Вдруг она остановилась и, указав пальцем куда-то мимо дерева, вскрикнула:

– Лисенок! Смотри, лисенок!

Из-за толстого ствола выглядывала острая рыжая мордочка с черными бусинками глаз. Она застыла, смотря на нас, кажется, зверек напряженно думал и пытался угадать, кто мы такие, что за диковинные двуногие существа. Все еще кровью и мыслями внизу, я на секунду попытался сообразить, откуда он мог взяться на голом холме, так далеко от леса. Но мысли ворочались, как в толще воды, вязко, глухо, с трудом. Я просто стоял и смотрел на нее, как деревянный истукан, родной брат этому дереву и старому кресту. Желание шевелилось во мне, тянуло все мое существо вниз. Какая она красивая сейчас, в этом солнце, в этой траве, в этой минуте!

Словно издеваясь и желая усилить мой приступ, она присела на корточки, спрятав груди за коленками, и позвала зверька, должно быть, каким-то звуком, но я его не услышал. Ее тело распустилось мне навстречу и как будто дразнило меня и звало, не обращая внимания на свою хозяйку, увлеченную лисенком и старым крестом. Напряжение во мне натянулось до предела и лопнуло так громко, что мой разум оглушило. Я одним прыжком настиг ее и схватил сзади. Она упала на землю под весом моего тела. Лисенок взметнулся и бросился вниз по холму. Над крестом тревожно шевельнулись листья.
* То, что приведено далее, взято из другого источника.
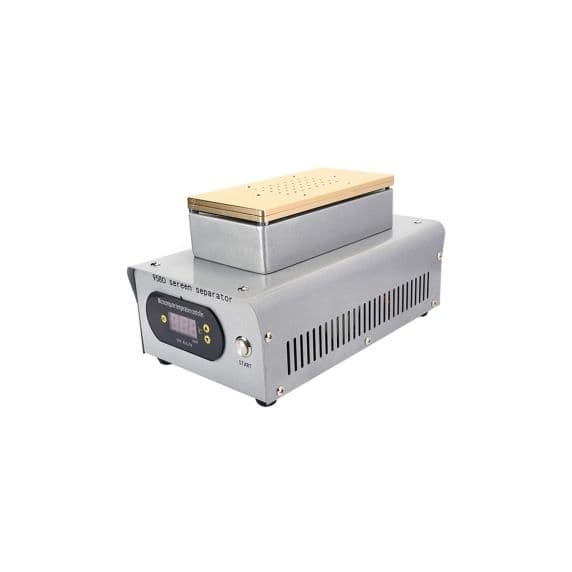 LCD Separator + Inbyggd Vakuumpump för iPhone/Samsung/Telefoner - UYUE 958D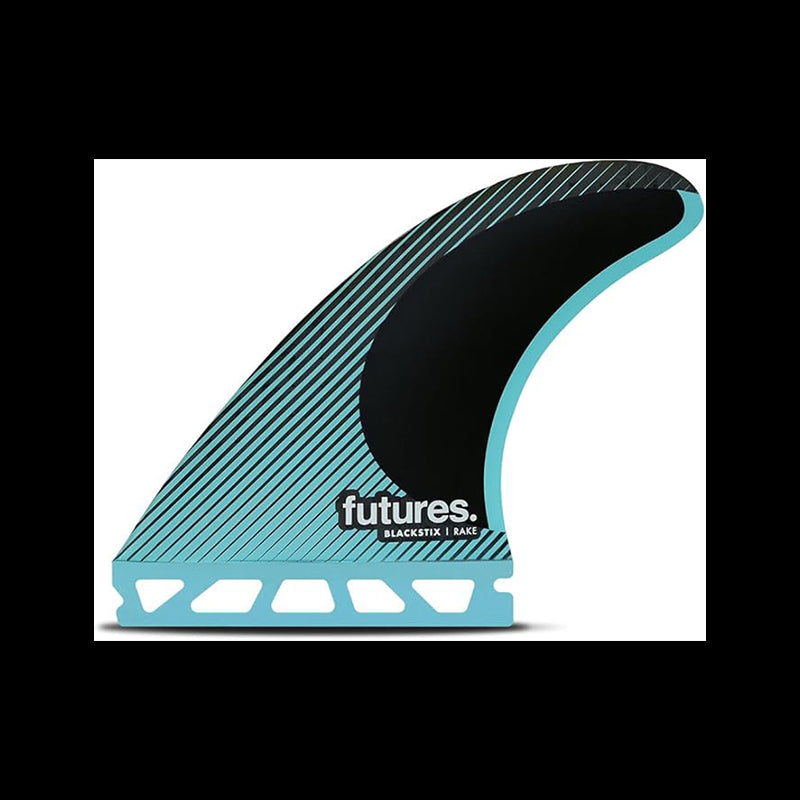PINNE FUTURES R4 Blackstix Blue - S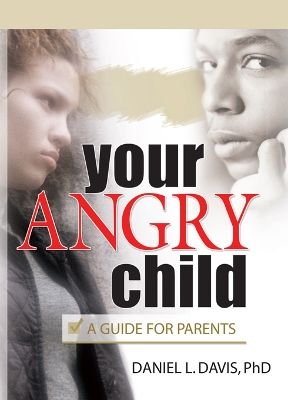 Book cover for Your Angry Child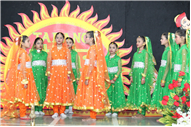 Tarang Utsav 2025 : Annual Function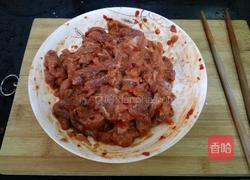 川味芹菜小炒肉的做法图解4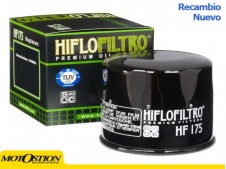 Filtro de aceite Hiflofiltro HF175 Filtros de aceite hiflofiltro Filtros de aceite hiflofiltro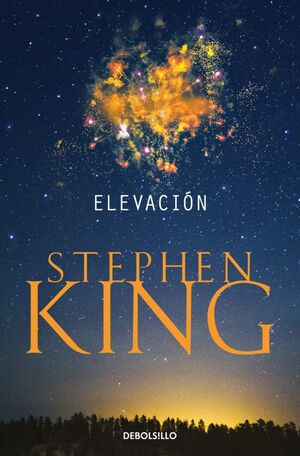 Portada del libro ELEVACION - Compralo en ByAnaCeci.com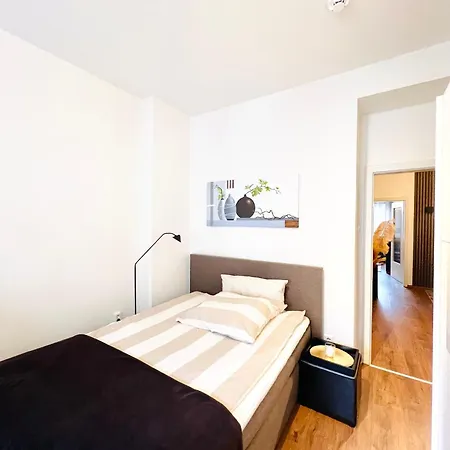 Modernes In Apartamento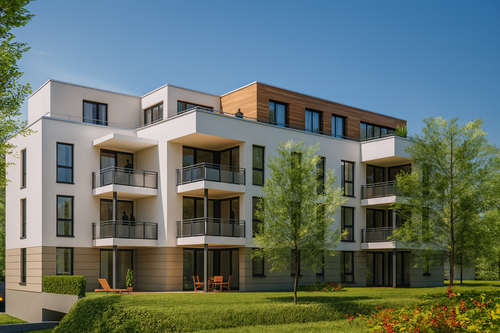 Foto - Wohnung zum Kaufen in Mülsen 320.000,00 € 93 m²
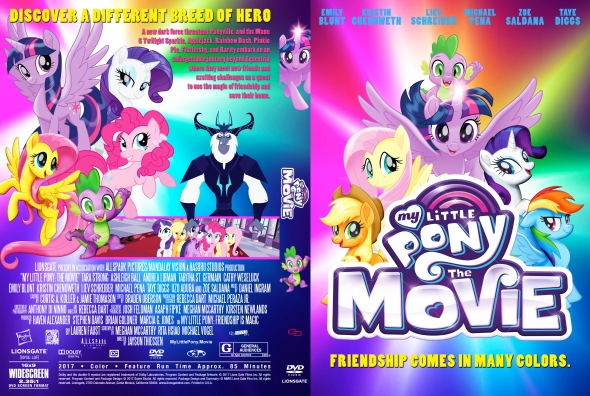 My Little Pony: The Movie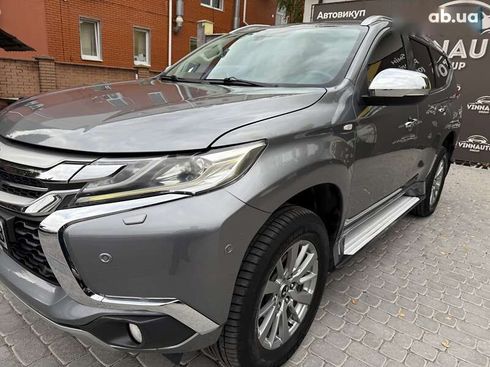 Mitsubishi Pajero Sport 2016 - фото 27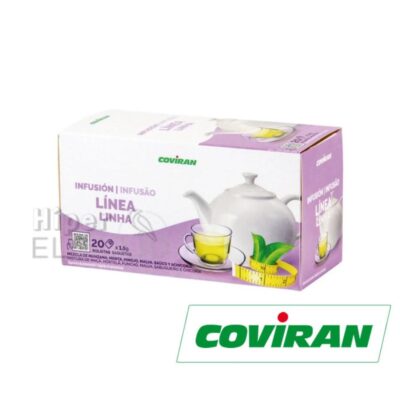 Infusión Linea Coviran 20 Unidades.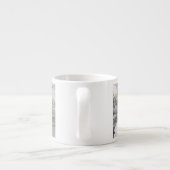Baud Eagle espresso mug (Dos)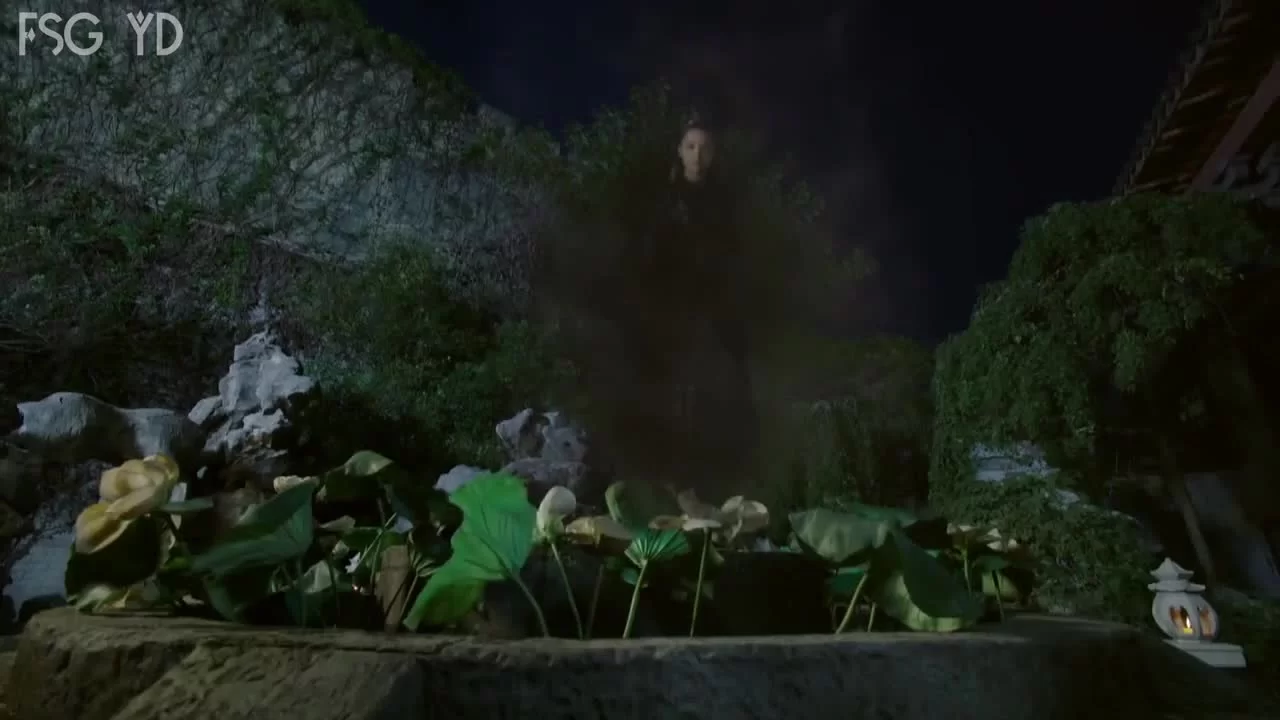 Императрица Фуяо (2018) 56 серия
Она попыталась подняться, заелозила ногами, выбираясь из-под меня, но я надавил сильнее. Её волосы разметались по земле, брызнули мне в глаза, полоснули по губам. Рыжие реки среди зелени и ягод. Они пачкали ее щеки соком и путались в золотых линиях. Бедрами и грудью я давил на нее изо всех сил. Одной рукой я нащупал под собой ширинку и рванул ее вниз, а другой рукой прижал ее голову к земле. Мои пальцы, с несмываемой чернотой от машинного масла и сигарет, потерялись в солнечной, теплой копне.

Я знал, что ей это нравится. Хотя в эту минуту я вряд ли хоть что-то знал, кроме того, что так сильно хочу ее взять, так страстно и так непреодолимо, что просто должен сделать это, и выбора у меня нет. Я был тверд и налит кровью, смешанной со страстью, любовью, вожделением, благодарностью, восхищением, радостью, безумием, инстинктом – все это вертелось во мне, металось и рвалось наружу, толкая меня вперед, в нее, как в бездну.

Она застонала подо мной. Листья зашумели громче. Ветер на мгновение поднял кончики ее волос с земли и бросил мне их в лицо. Я припал губами к ее затылку. Она обмякла и застонала громче. Казалось, ее голос раздается до самого горизонта и заполняет собой все пространство. В эту секунду мир был пуст, его не существовало, я умирал и рождался заново в ее тепле, впиваясь в него, как в младенец в грудь самой жизни. Я забыл дышать. Забыл существовать. Я стал ее частью, изливаясь в нее, и секунда этого потока, казалось, длилась целую вечность, вечность, в которой умирали, рождались и снова умирали миры, пока время не сделало круг и вселенная не родилась снова, бросив нас вновь на этот холм, в эту траву, в золото ее волос.

Все кончилось.

В это мгновение я мучительно застонал и вскрикнул, как новорожденный.

Родиться заново под солнцем, у старого креста, в свежей зелени и пустой, безлюдной тишине. Разве ожидал я такого, когда увидел ее в толпе и решил подойти к ней?

Теперь она тяжело дышит подо мной.

Мы не шевелились. Ветер проносил над нами минуту за минутой, смешивая их с летним жаром и запахом травы. Над нами и вокруг нас – бездны пустого пространства, лишь там, внизу, на донышке заполненного чем-то ярким, живым и бродящим – городами, дорогами, машинами, вывесками, уличными фонарями, людьми. Разве они существуют? Я вдыхал запах ее тела и не мог в это поверить.